▶ **Excerpted data**
▬▬▬
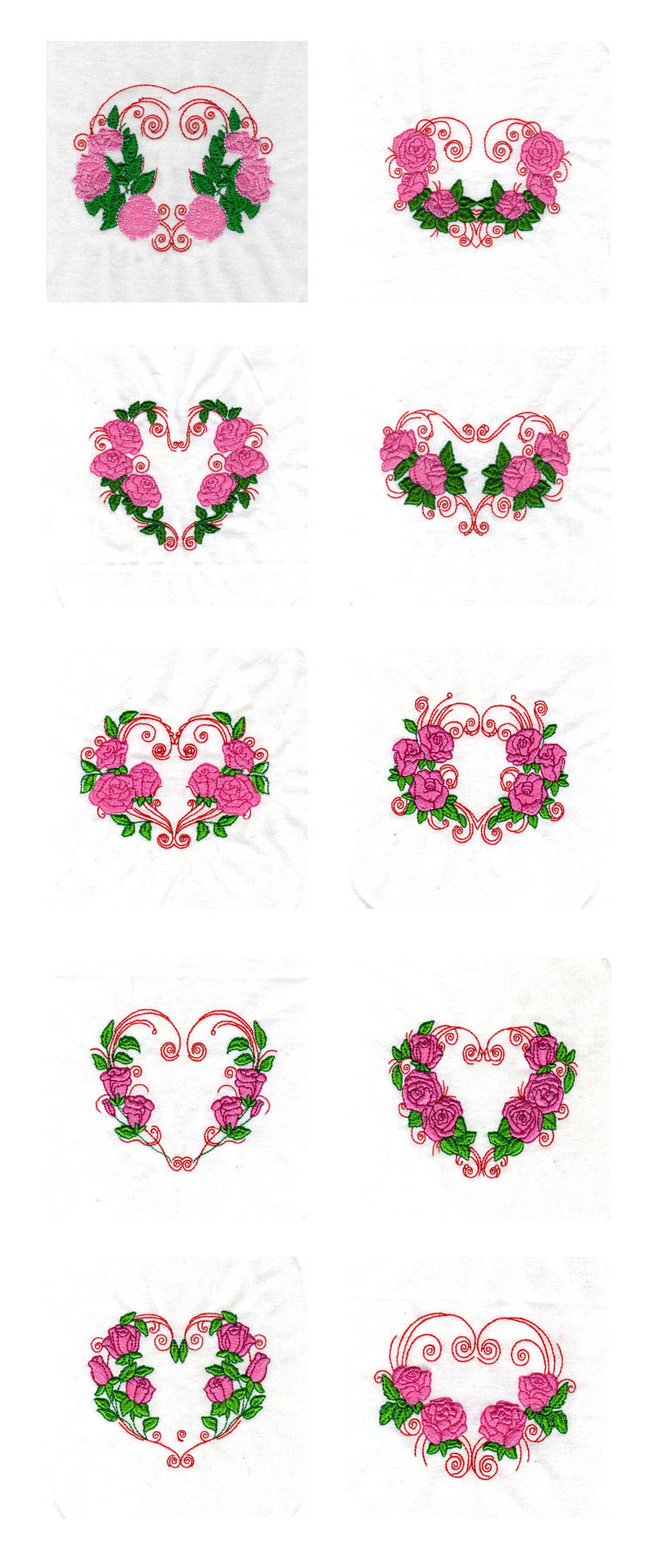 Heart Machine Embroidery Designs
▬▬▬
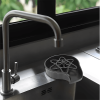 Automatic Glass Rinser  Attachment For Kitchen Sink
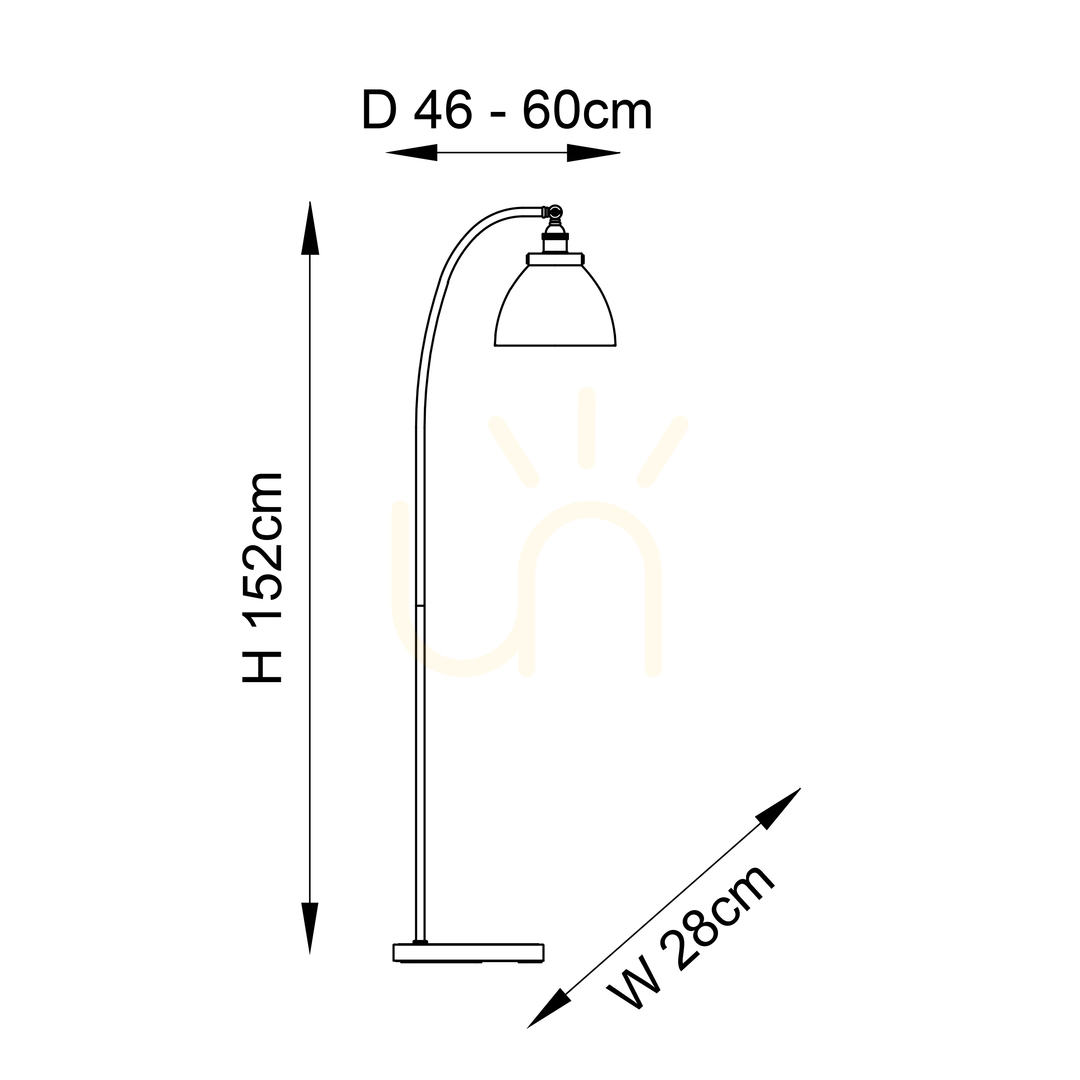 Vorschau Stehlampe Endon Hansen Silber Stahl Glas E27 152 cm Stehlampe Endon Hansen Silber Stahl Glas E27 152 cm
▬▬▬
Given the records above, return the lines starting at the one that holds "Automatic Glass Rinser" and ending at the one that holds "Vorschau Stehlampe Endon", exactly, and nothing besides; leave every picture out.

 Automatic Glass Rinser  Attachment For Kitchen Sink
 Vorschau Stehlampe Endon Hansen Silber Stahl Glas E27 152 cm Stehlampe Endon Hansen Silber Stahl Glas E27 152 cm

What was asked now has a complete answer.